Abstract

The climate system and the global carbon cycle are tightly coupled. Atmospheric carbon in the form of the radiatively active gases, carbon dioxide and methane, plays a significant role in the natural greenhouse effect. The continued increase in the atmospheric concentrations of these gases, due to human emissions, is predicted to lead to significant climatic change over the next 100 years. The best estimates suggest that more than half of the current anthropogenic emissions of carbon dioxide are being absorbed by the ocean and by land ecosystems (Schimel et al. , 1995). In both cases the processes involved are sensitive to the climatic conditions. Temperature affects the solubility of carbon dioxide in sea water and the rate of terrestrial and oceanic biological processes. In addition, vegetation is known to respond directly to increased atmospheric CO 2 through increased photosynthesis and reduced transpiration (Sellers et al. , 1996a; Field et al. , 1995), and may also change its structure and distribution in response to any associated climate change (Betts et al. , 1997). Thus there is great potential for the biosphere to produce a feedback on the climatic change due to given human emissions.
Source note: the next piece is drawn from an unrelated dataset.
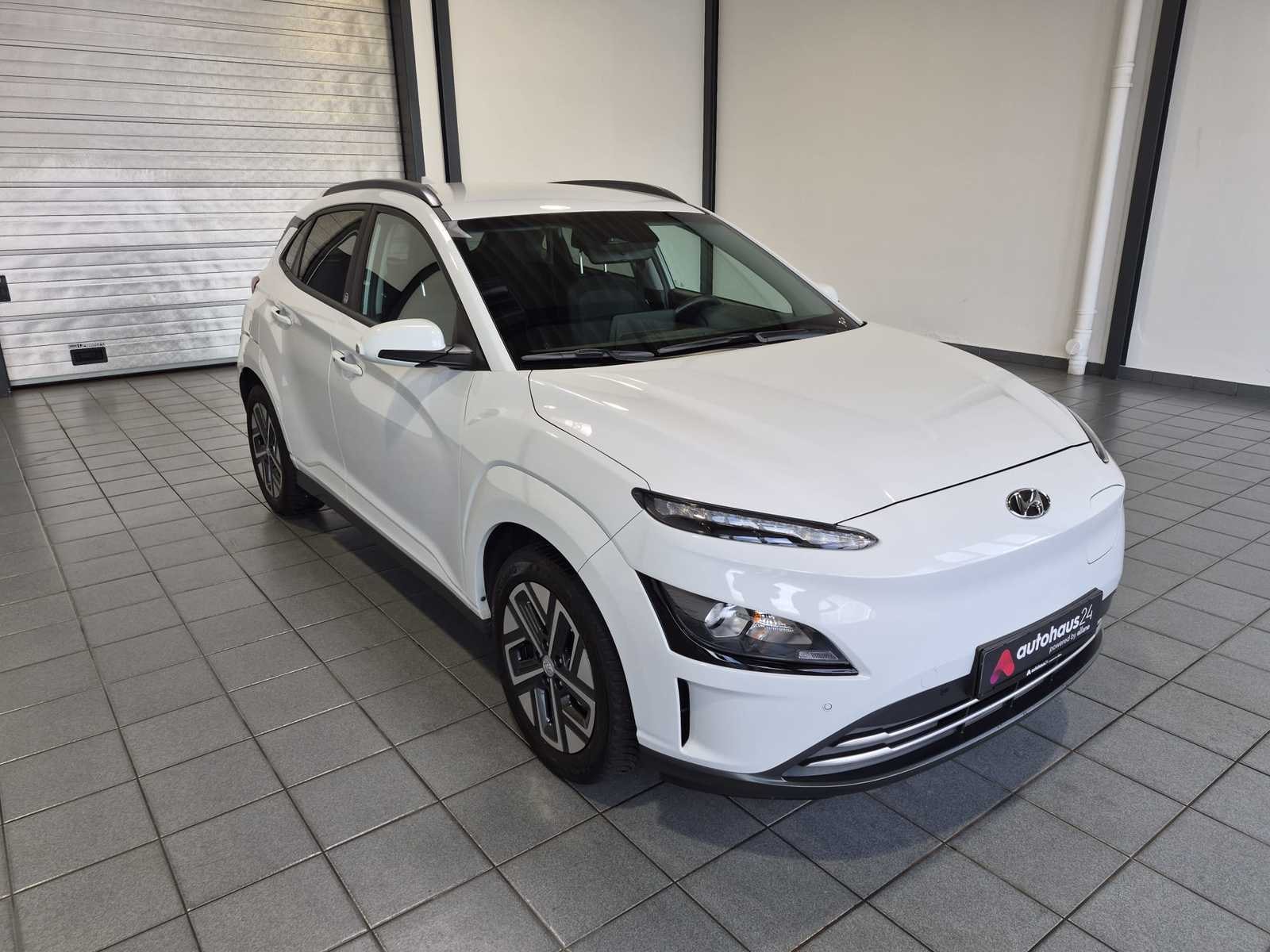 Hyundai Kona SUV / Crossover / Geländewagen HYUNDAI Kona ELEKTRO 100kW Sports Utility Vehicle #1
Despite this, simulations carried out with General Circulation Models (GCMs) have generally neglected the coupling between the climate and the biosphere. Indeed, vegetation distributions have been static and atmospheric concentrations of CO 2 have been prescribed based on results from simple carbon cycle models, which neglect the effects of climate change (Enting et al. , 1994). This chapter describes the inclusion of vegetation and the carbon cycle as interactive elements in a GCM. The coupled climate-carbon cycle model is able to reproduce key aspects of the observations, including the global distribution of vegetation types, seasonal and zonal variations in ocean primary production, and the interannual variability in atmospheric CO 2 . A transient simulation carried out with this model suggests that previously-neglected climate-carbon cycle feedbacks could significantly accelerate atmospheric CO 2 rise and climate change over the twenty-first century.